*Problem statement*
Going through the material below, output exactly the lines from the one containing "This is a closed" through the one containing "Venipuncture is one", and no pictures.

*Data*
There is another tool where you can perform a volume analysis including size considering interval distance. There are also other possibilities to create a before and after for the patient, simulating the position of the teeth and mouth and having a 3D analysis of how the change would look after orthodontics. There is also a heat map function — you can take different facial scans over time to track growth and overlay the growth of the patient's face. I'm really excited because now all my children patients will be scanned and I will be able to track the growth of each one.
...
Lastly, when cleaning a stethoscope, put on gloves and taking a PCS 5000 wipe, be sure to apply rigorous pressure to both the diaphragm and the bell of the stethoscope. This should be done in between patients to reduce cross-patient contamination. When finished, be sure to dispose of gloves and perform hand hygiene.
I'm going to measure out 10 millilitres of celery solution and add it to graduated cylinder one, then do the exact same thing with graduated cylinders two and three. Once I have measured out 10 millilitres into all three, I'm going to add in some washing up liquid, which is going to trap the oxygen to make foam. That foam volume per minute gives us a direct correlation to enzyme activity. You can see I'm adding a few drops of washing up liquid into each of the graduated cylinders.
--
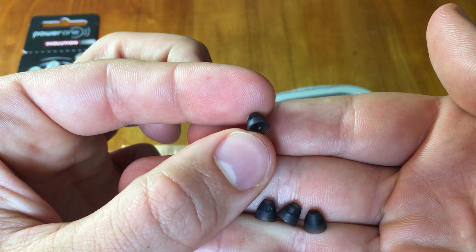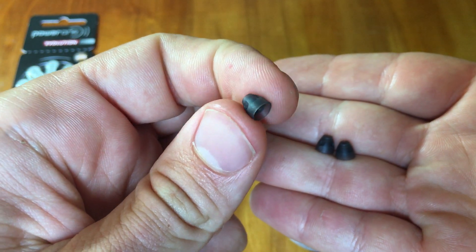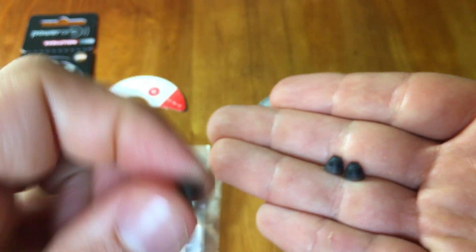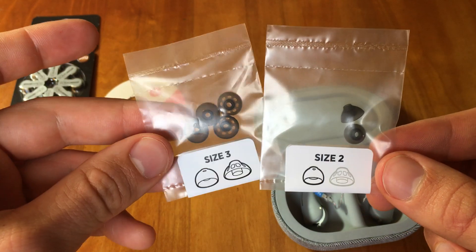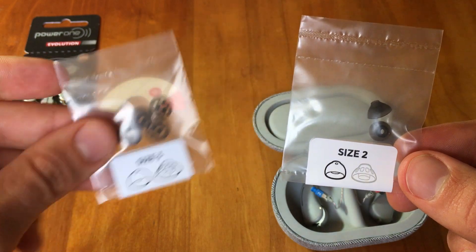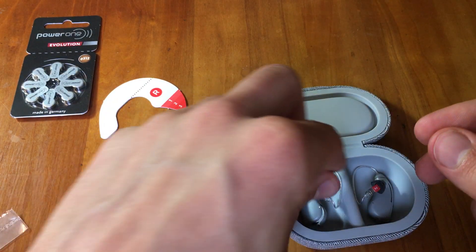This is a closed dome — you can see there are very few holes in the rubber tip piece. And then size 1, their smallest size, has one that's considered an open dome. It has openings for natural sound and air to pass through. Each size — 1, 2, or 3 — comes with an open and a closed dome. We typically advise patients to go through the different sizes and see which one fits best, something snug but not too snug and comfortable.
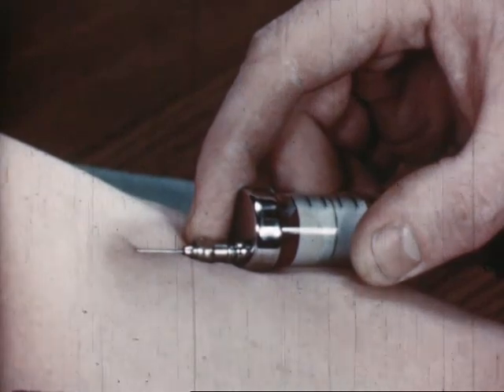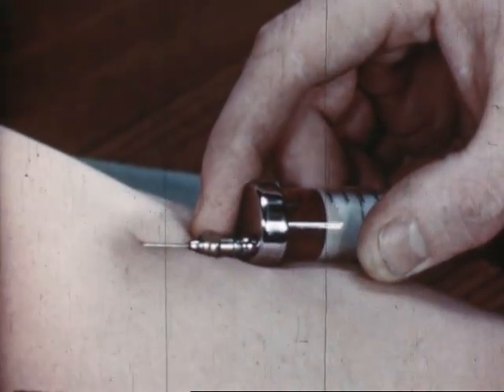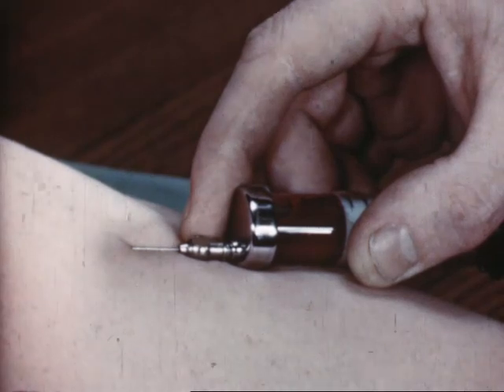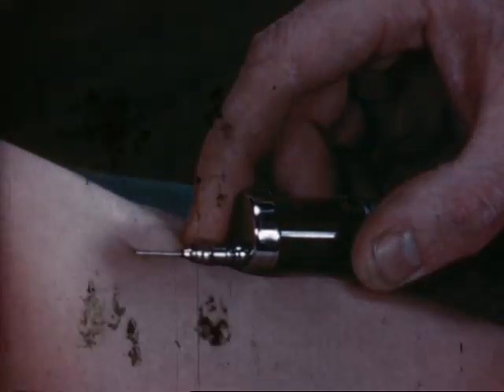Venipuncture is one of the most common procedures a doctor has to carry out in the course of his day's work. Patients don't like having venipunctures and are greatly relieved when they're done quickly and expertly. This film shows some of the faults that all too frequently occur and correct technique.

*Task response*
This is a closed dome — you can see there are very few holes in the rubber tip piece. And then size 1, their smallest size, has one that's considered an open dome. It has openings for natural sound and air to pass through. Each size — 1, 2, or 3 — comes with an open and a closed dome. We typically advise patients to go through the different sizes and see which one fits best, something snug but not too snug and comfortable.
Venipuncture is one of the most common procedures a doctor has to carry out in the course of his day's work. Patients don't like having venipunctures and are greatly relieved when they're done quickly and expertly. This film shows some of the faults that all too frequently occur and correct technique.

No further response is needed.